How Well Do LLMs Represent Values Across Cultures? Empirical Analysis of LLM Responses Based on Hofstede Cultural Dimensions
Julia Kharchenko, Tanya Roosta, Aman Chadha, Chirag Shah
2024-06-24

Summary
This paper examines how well Large Language Models (LLMs) understand and represent the values of different cultures. It uses a framework called Hofstede's Cultural Dimensions to analyze whether these models provide culturally appropriate responses based on users' backgrounds.
What's the problem?
People from different cultures have varying values and beliefs, and it's important for AI models to recognize and respect these differences. However, many LLMs may not accurately reflect these cultural values in their responses, which can lead to misunderstandings or inappropriate advice.
What's the solution?
The researchers tested several LLMs by asking them advice questions that relate to the five Hofstede Cultural Dimensions, which include aspects like individualism versus collectivism and power distance. They created personas from 36 different countries and used prompts in various languages to see how consistently the LLMs understood and responded to cultural values. The study found that while LLMs can recognize some cultural differences, they often fail to give responses that align with those values.
Why it matters?
This research is significant because it highlights the need for AI models to be culturally sensitive and aware of the diverse values of users. By improving how LLMs are trained to understand cultural differences, we can create AI systems that provide better, more relevant advice, fostering better communication and understanding across cultures.
Abstract
Large Language Models (LLMs) attempt to imitate human behavior by responding to humans in a way that pleases them, including by adhering to their values. However, humans come from diverse cultures with different values.
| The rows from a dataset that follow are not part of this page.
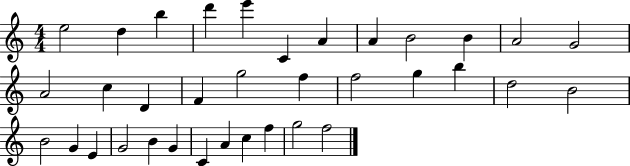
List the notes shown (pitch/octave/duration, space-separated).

E5/h D5/q B5/q D6/q E6/q C4/q A4/q A4/q B4/h B4/q A4/h G4/h A4/h C5/q D4/q F4/q G5/h F5/q F5/h G5/q B5/q D5/h B4/h B4/h G4/q E4/q G4/h B4/q G4/q C4/q A4/q C5/q F5/q G5/h F5/h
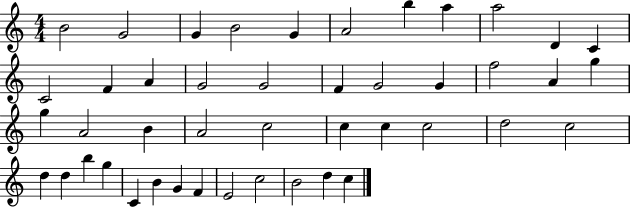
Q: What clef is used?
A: treble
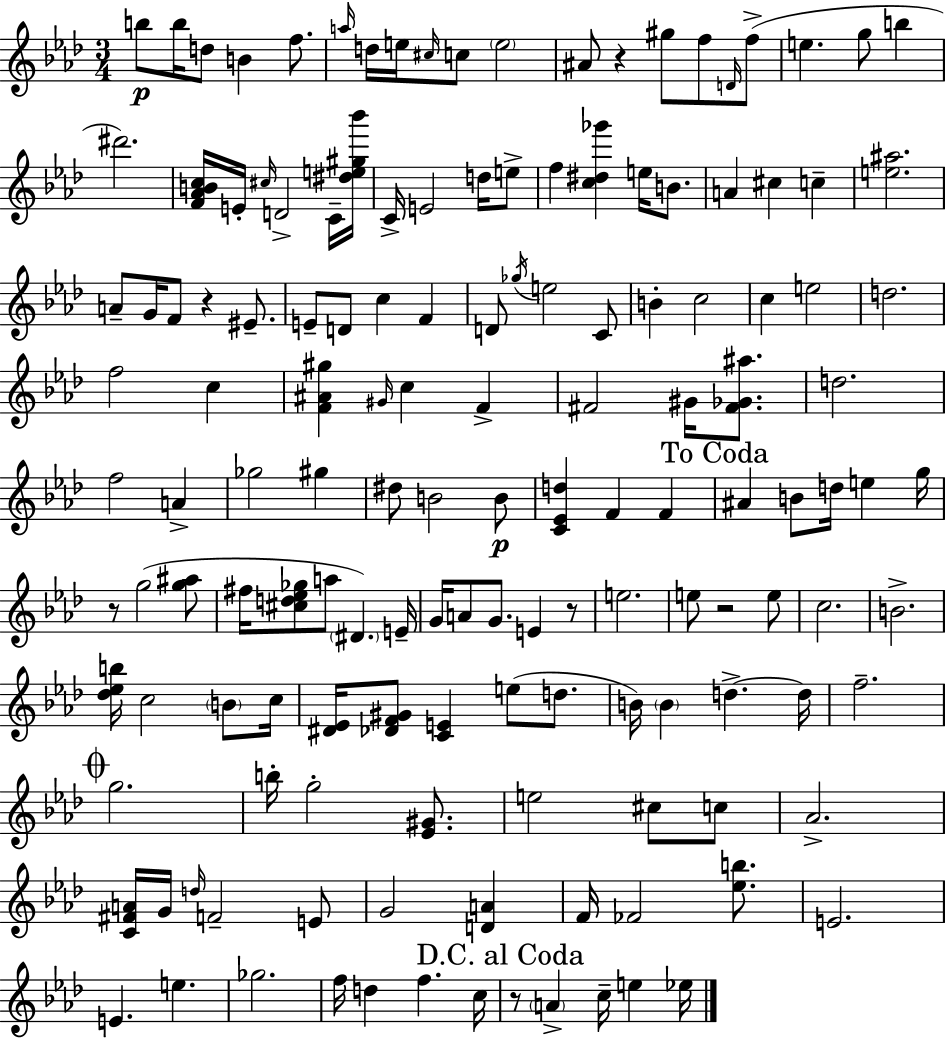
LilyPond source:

{
  \clef treble
  \numericTimeSignature
  \time 3/4
  \key f \minor
  \repeat volta 2 { b''8\p b''16 d''8 b'4 f''8. | \grace { a''16 } d''16 e''16 \grace { cis''16 } c''8 \parenthesize e''2 | ais'8 r4 gis''8 f''8 | \grace { d'16 }( f''8-> e''4. g''8 b''4 | \break dis'''2.) | <f' aes' b' c''>16 e'16-. \grace { cis''16 } d'2-> | c'16-- <dis'' e'' gis'' bes'''>16 c'16-> e'2 | d''16 e''8-> f''4 <c'' dis'' ges'''>4 | \break e''16 b'8. a'4 cis''4 | c''4-- <e'' ais''>2. | a'8-- g'16 f'8 r4 | eis'8.-- e'8-- d'8 c''4 | \break f'4 d'8 \acciaccatura { ges''16 } e''2 | c'8 b'4-. c''2 | c''4 e''2 | d''2. | \break f''2 | c''4 <f' ais' gis''>4 \grace { gis'16 } c''4 | f'4-> fis'2 | gis'16 <fis' ges' ais''>8. d''2. | \break f''2 | a'4-> ges''2 | gis''4 dis''8 b'2 | b'8\p <c' ees' d''>4 f'4 | \break f'4 \mark "To Coda" ais'4 b'8 | d''16 e''4 g''16 r8 g''2( | <g'' ais''>8 fis''16 <cis'' d'' ees'' ges''>8 a''8 \parenthesize dis'4.) | e'16-- g'16 a'8 g'8. | \break e'4 r8 e''2. | e''8 r2 | e''8 c''2. | b'2.-> | \break <des'' ees'' b''>16 c''2 | \parenthesize b'8 c''16 <dis' ees'>16 <des' f' gis'>8 <c' e'>4 | e''8( d''8. b'16) \parenthesize b'4 d''4.->~~ | d''16 f''2.-- | \break \mark \markup { \musicglyph "scripts.coda" } g''2. | b''16-. g''2-. | <ees' gis'>8. e''2 | cis''8 c''8 aes'2.-> | \break <c' fis' a'>16 g'16 \grace { d''16 } f'2-- | e'8 g'2 | <d' a'>4 f'16 fes'2 | <ees'' b''>8. e'2. | \break e'4. | e''4. ges''2. | f''16 d''4 | f''4. c''16 \mark "D.C. al Coda" r8 \parenthesize a'4-> | \break c''16-- e''4 ees''16 } \bar "|."
}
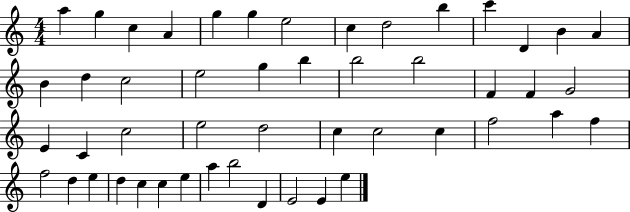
{
  \clef treble
  \numericTimeSignature
  \time 4/4
  \key c \major
  a''4 g''4 c''4 a'4 | g''4 g''4 e''2 | c''4 d''2 b''4 | c'''4 d'4 b'4 a'4 | \break b'4 d''4 c''2 | e''2 g''4 b''4 | b''2 b''2 | f'4 f'4 g'2 | \break e'4 c'4 c''2 | e''2 d''2 | c''4 c''2 c''4 | f''2 a''4 f''4 | \break f''2 d''4 e''4 | d''4 c''4 c''4 e''4 | a''4 b''2 d'4 | e'2 e'4 e''4 | \break \bar "|."
}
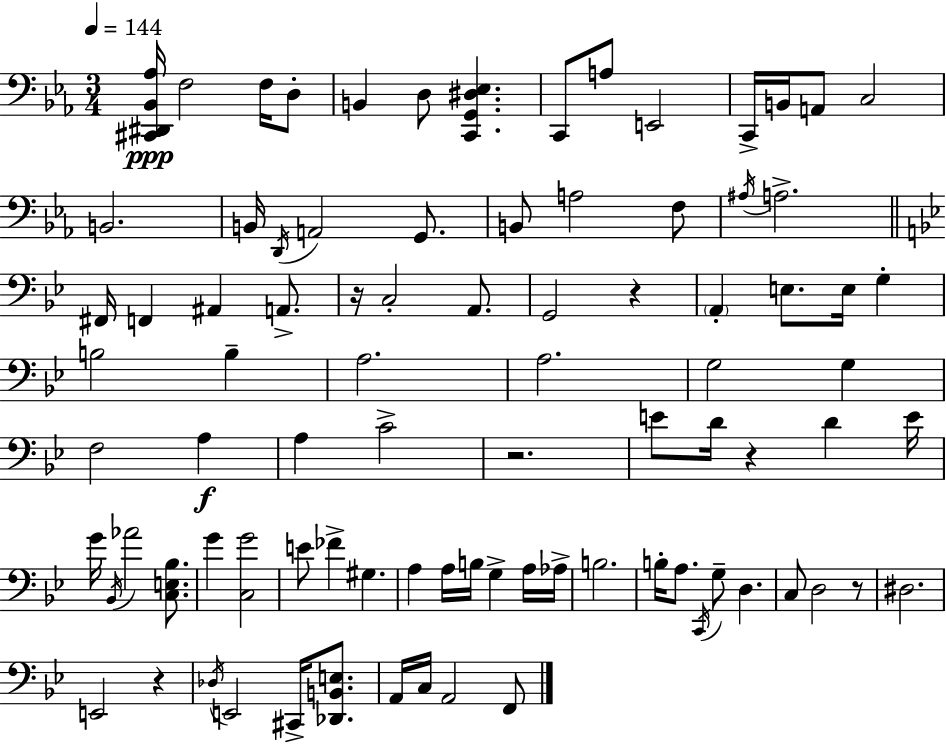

It is critical to understand whether LLMs showcase different values to the user based on the stereotypical values of a user's known country. We prompt different LLMs with a series of advice requests based on 5 Hofstede Cultural Dimensions -- a quantifiable way of representing the values of a country. Throughout each prompt, we incorporate personas representing 36 different countries and, separately, languages predominantly tied to each country to analyze the consistency in the LLMs' cultural understanding. Through our analysis of the responses, we found that LLMs can differentiate between one side of a value and another, as well as understand that countries have differing values, but will not always uphold the values when giving advice, and fail to understand the need to answer differently based on different cultural values. Rooted in these findings, we present recommendations for training value-aligned and culturally sensitive LLMs. More importantly, the methodology and the framework developed here can help further understand and mitigate culture and language alignment issues with LLMs.